Nous n’avons pas trop d’occasions de nous réjouir des initiatives du gouvernement pour ne pas reconnaître le courage avec lequel il s’attaque à une véritable réforme du droit du travail. Il agit d’ailleurs sans se faire d’illusion sur l’opposition systématique des syndicats qu’il rencontrera, ainsi que sur les batailles parlementaires qui se profilent, au point de devoir ressortir l’arme du 49-3. Toutefois, nous devons regretter les imperfections d’un projet qui ne va pas aussi loin  que ses auteurs le voudraient probablement. Ainsi, il faut encore mettre un point d’interrogation sur cette réforme.

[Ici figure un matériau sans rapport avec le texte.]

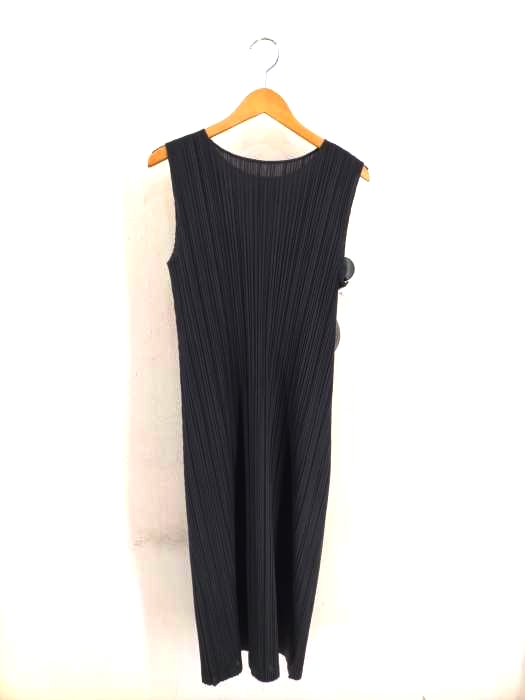 PLEATS PLEASE イッセイミヤケ ノースリーブワンピース 【公式通販】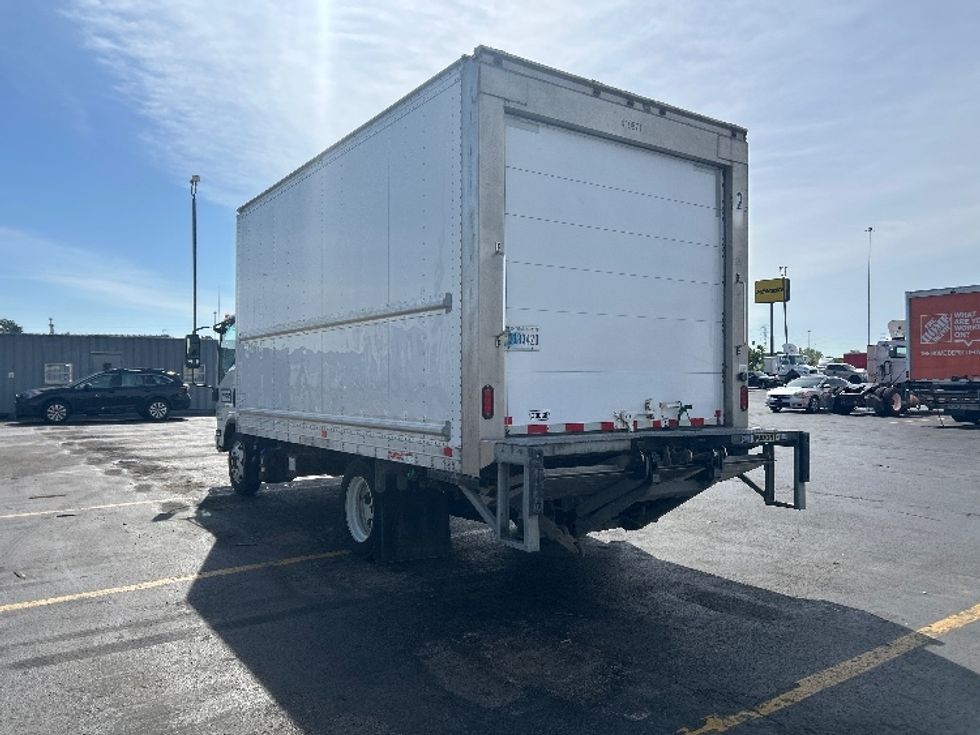Refrigerated Truck-Light and Medium Duty Trucks-Isuzu-2022-NRR-Columbus-OH-123,524\n\t\tmiles-$ 60,500 - Image 6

Compte tenu de l’importance d’un texte qui n’est d’ailleurs pas publié dans son dernier état, nous nous sommes bornés à traiter des cinq sujets qui nous paraissent les plus importants. 

La compétence des entreprises pour déroger aux règles de rang supérieur

Oui !

C’est l’axe de pensée fondamental de la réforme envisagée, d’ailleurs déjà visible depuis 2008 avec la loi du gouvernement Sarkozy sur le dialogue social, et poursuivi par le gouvernement Hollande. Contrairement au principe soutenu par les syndicats comme la CGT, la loi n’a pas à être la même pour tous quand elle rentre dans le détail du fonctionnement des entreprises éminemment diverses. A terme d’ailleurs cela devrait aider le législateur à être moins  « bavard », pour reprendre l’expression du président du Conseil constitutionnel. Il n’est pas possible de connaître dès à présent les domaines exacts où s’appliquera cette faculté, car le projet de loi ne modifie pour le moment que des parties restreintes du code du travail, à savoir en priorité le temps de travail. Mais c’est en marche.

La grande incertitude

Le comportement des syndicats à qui seront proposés des accords d’entreprise dérogatoires. On sait que, autant les syndicats font preuve de rigidité extrême au niveau des centrales nationales, autant en principe (mais il y a des exceptions, cf. Goodyear…) ils sont plus flexibles au niveau de l’entreprise. La réforme va donc dans le bon sens à ce sujet, mais risque quand même de ne pas produire beaucoup d’effets, surtout que la règle des 30% de syndicats favorables a été durcie pour passer à 50%, même si un référendum d’entreprise à la majorité permettra dorénavant de passer outre à l’opposition d’une majorité de syndicats.

A revoir

  • L’ouverture de la décision de référendum aux seuls syndicats minoritaires, à l’exclusion du chef d’entreprise lui-même. Il est paradoxal de voir ce dernier transformé en arbitre extérieur impuissant d’une décision à l’origine de laquelle il se trouve par définition. C’est bancal, et signe de l’indécrottable méfiance à son égard.
  • Dans les entreprises sans représentants du personnel, l’obligation faite au chef d’entreprise de devoir négocier avec un mandataire des salariés désigné par les syndicats représentatifs au niveau de la branche, par définition absents de l’entreprise.

Le temps de travail

Oui !

La faculté donnée aux accords d’entreprise

  • pour modifier la durée hebdomadaire du travail (jusqu’à 60 heures semblerait-il),
  • de ne pas avoir à solliciter l’autorisation de l’inspection du travail, inutile, très rarement accordée et de toute façon tardive
  • d’instaurer les forfaits jours pour tous, ce qui est de nature à faire oublier les 35 heures.

A revoir

La durée légale de 35 heures, qui maintient la nécessité de payer les heures supplémentaires majorées d’au moins 10% dès la 36 ème heure. On rappelle ici l’augmentation considérable du coût du travail qui continue d’en être la conséquence par comparaison avec les salaires, smic compris, versés dans les pays étrangers pour une durée de travail égale. La loi pourra toutefois être modifiée sur ce sujet, la durée de 35 heures ne constituant évidemment pas un principe fondamental de valeur constitutionnelle.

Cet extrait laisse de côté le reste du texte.